Remote epitaxy has been gaining attention in the field of semiconductor manufacturing for growing thin films that copy the crystal structure of the template, which can later be exfoliated to form freestanding membranes. However, harsh epitaxy conditions can often cause damage to the template materials, such as in the case of remote epitaxy of GaN thin films, promising materials for light-emitting diodes, photodetectors, and power electronic devices, on graphene/AlN templates.
GaN remote heteroepitaxy has not been achieved by a standard metal–organic chemical vapor deposition (MOCVD) technique due to the high temperatures involved in the process. It has been reported that graphene placed on a substrate in an extreme environment such as high temperature or use of an active gas in MOCVD gets damaged due to chemical instability, which causes failure to exfoliate grown GaN films.
Against this background, a team of researchers led by Dong-Seon Lee, Head of the Department of Semiconductor Engineering and Professor at the School of Electrical Engineering and Computer Science at the Gwangju Institute of Science and Technology, has recently used remote epitaxy to grow GaN thin films on graphene/AlN templates by MOCVD and investigated the effect of surface pits in AlN on the growth and exfoliation of these thin films. Their paper was made available online on 6 June 2023 and published in Volume 17, Issue 12 of the journal ACS Nano on 27 June 2023.
The researchers first performed an annealing test at 950 °C for 5 minutes to check the thermal stability of graphene on AlN. Based on its results, they developed a two-step process to grow GaN thin films on the template by MOCVD. The first GaN growth took place at 750 °C for 10 minutes, following which the second growth was performed at 1050 °C for 60 minutes. The exfoliation of the thus-grown GaN thin films was used as a proof of success of the remote epitaxy process. While the films grown at 750 °C could be exfoliated successfully, the separation failed after the second step growth.
Upon deeper analysis, the team found that the nano-sized pits on AlN surface led to the degradation of graphene near them at higher temperatures, which altered the growth modes of GaN thin films. As a result, GaN directly bonded with the AlN substrate, causing the failure of film exfoliation. “Through this study, we revealed for the first time that structural problems in the substrate can also cause peeling failure. These results exemplify the importance of chemical and topographic properties of templates for successful remote epitaxy,” highlights Prof. Lee.

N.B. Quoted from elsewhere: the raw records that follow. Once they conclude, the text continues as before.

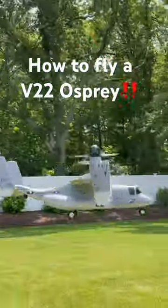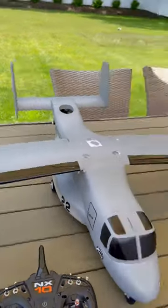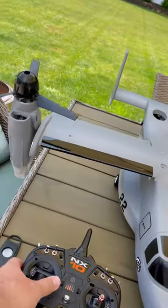Let me teach you guys how I fly my RC version of the V-22 Osprey. When it's in hover mode, it's the same as a helicopter or a drone. That left stick is going to control your throttle as well as your yaw. On the right stick, your pitch and your roll axis.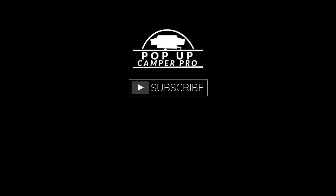Thank you very much for watching. Please subscribe and smash that notification bell, and I will see you guys at the campground. We'll see you next time.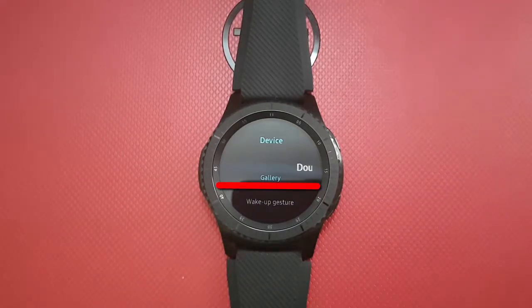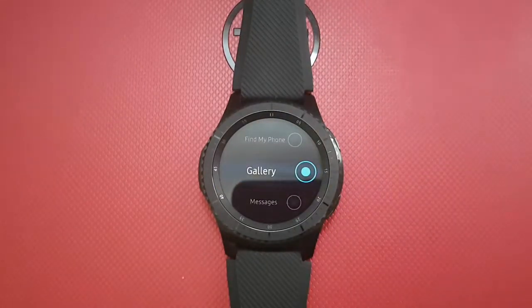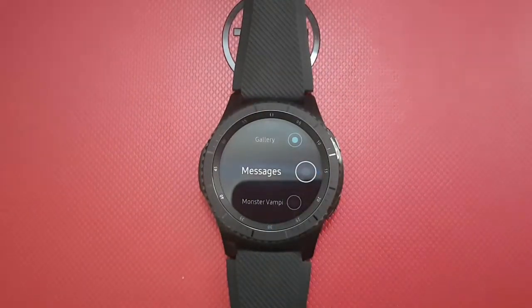Tap Double Press Home Key. Rotate the bezel until you reach Messages, then tap Messages.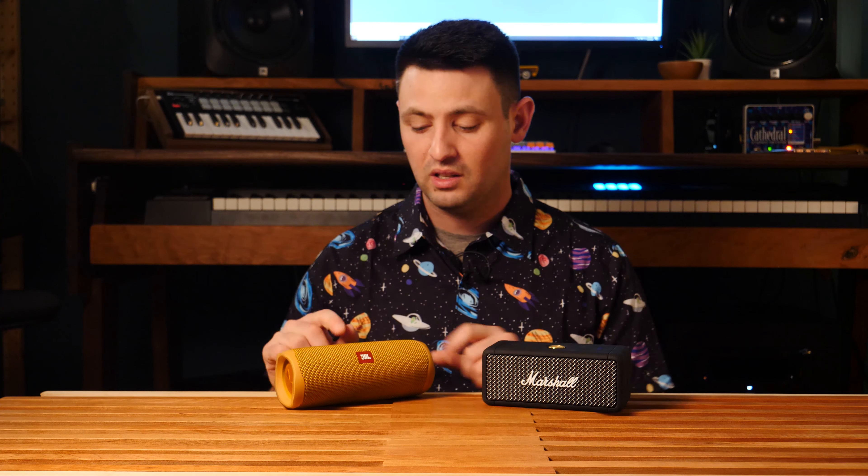With that in mind, if you're trying to listen to really good vocal singing, I would say the Emberton has the edge. If you're trying to listen to more party music, the JBL Flip 5 has the edge. Both are going to impress your guests, but the Emberton has a little bit more of a spike towards the vocals, which I find pleasing to my ears subjectively.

This study provides the primary experimental data that supports the stable implementation of the development of remote epitaxy. When asked about the implications of the present work, Prof. Lee says: “In the near future, GaN remote epitaxy implementation is expected to provide high-quality GaN semiconductors required for the electric vehicle industry. Since substrate recycling is possible, it is expected to change the big picture of the existing semiconductor industry. Further, it will be possible to overcome Moore’s law.”